Posted: 26 Apr 2011 06:01 PM PDT
The end result is that most of the media are now unwilling to take a stand for truth or reality. At best, they present both sides even when only one has merit. At worst, they present only the side with no merit at all.
Personally, I think Perlstein lets the media off too easy: All the monetary concerns and ref-working pale in comparison to the political interests of corporate and right-wing ownership. The media use “profitability” as an excuse to gut investigative reporting, and the figleaf of “balance” to obscure naked untruths.
All this reminds me a lot of Barack Obama and the Democratic establishment. They too depend on corporations for their present and future job security, and need to deliver for them without being too obvious about it. So what do they do? They “compromise.”

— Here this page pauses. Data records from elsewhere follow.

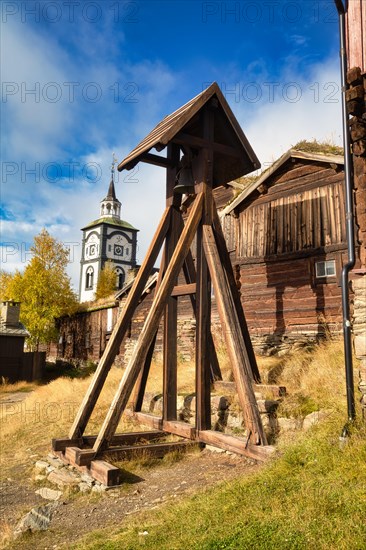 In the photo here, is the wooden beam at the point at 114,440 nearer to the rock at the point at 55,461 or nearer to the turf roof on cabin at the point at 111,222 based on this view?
the rock at the point at 55,461

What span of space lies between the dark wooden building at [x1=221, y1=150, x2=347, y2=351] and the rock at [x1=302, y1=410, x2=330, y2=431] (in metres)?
5.33

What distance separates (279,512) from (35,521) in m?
2.67

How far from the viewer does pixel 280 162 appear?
1295 centimetres

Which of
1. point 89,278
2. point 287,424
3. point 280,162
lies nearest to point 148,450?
point 287,424

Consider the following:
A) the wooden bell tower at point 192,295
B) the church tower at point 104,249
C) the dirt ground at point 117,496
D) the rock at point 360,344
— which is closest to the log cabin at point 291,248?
the wooden bell tower at point 192,295

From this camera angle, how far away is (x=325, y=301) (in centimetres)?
1205

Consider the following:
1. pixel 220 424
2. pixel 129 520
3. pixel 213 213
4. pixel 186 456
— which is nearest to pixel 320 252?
pixel 213 213

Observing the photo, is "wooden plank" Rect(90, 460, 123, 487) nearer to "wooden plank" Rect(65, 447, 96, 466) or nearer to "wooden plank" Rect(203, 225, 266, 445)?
"wooden plank" Rect(65, 447, 96, 466)

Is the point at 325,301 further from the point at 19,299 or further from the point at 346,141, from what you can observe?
the point at 19,299

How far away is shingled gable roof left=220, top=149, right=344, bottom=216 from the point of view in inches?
461

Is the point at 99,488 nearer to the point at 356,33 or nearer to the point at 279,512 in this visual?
the point at 279,512

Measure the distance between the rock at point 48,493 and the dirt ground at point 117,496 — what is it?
0.19 ft

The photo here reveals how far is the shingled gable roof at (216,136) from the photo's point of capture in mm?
7203

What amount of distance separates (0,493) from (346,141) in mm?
6879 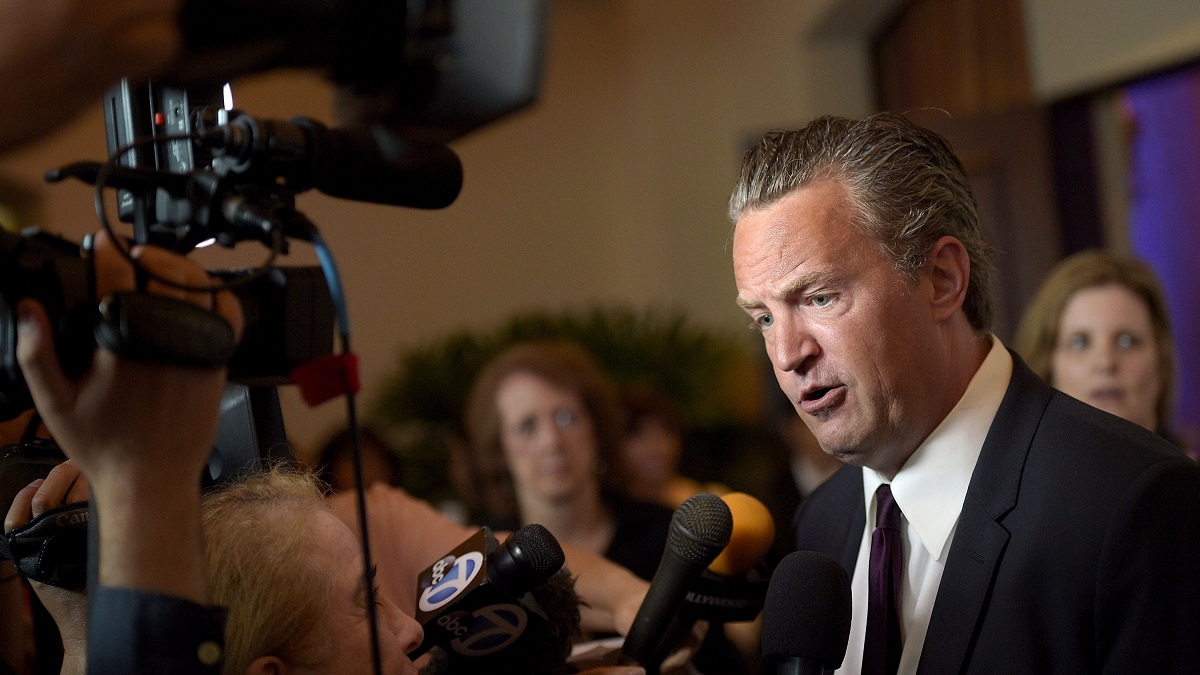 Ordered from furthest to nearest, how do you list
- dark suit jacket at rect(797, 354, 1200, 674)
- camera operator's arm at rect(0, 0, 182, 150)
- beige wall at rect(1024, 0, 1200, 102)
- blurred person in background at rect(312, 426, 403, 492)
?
blurred person in background at rect(312, 426, 403, 492) < beige wall at rect(1024, 0, 1200, 102) < dark suit jacket at rect(797, 354, 1200, 674) < camera operator's arm at rect(0, 0, 182, 150)

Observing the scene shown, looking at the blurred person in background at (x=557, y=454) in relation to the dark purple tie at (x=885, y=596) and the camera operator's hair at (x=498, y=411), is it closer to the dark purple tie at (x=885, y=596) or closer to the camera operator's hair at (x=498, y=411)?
the camera operator's hair at (x=498, y=411)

Even after back-to-back landslides delivered them the White House and huge majorities in both houses of Congress, they refused to take a stand for sound policy or Democratic principles. Instead, they sought common ground with the Republicans no matter how wrong and cruel they might be, inching ever rightward until they achieved a suitably pro-corporate outcome. And now that they have a Republican House and an almost-Republican Senate, that inching is even easier.
The media and the Democrats are playing the same game: Regardless of what truth or good policy may be, compulsively seek out a midpoint (or rather, rightpoint) between that and far-right lunacy and then pretend that the resulting mess somehow serves the public interest.
If Paul Ryan released a new “debt-cutting” plan that let all of America’s poor people starve and eliminated taxes on rich people and corporations, Obama would denounce it at first, but eventually announce a grand bipartisan “compromise”: Let only half the poor starve, and reduce the corporate and upper-income tax brackets to 15% instead of zero. And the media would praise him for his great courage and seriousness.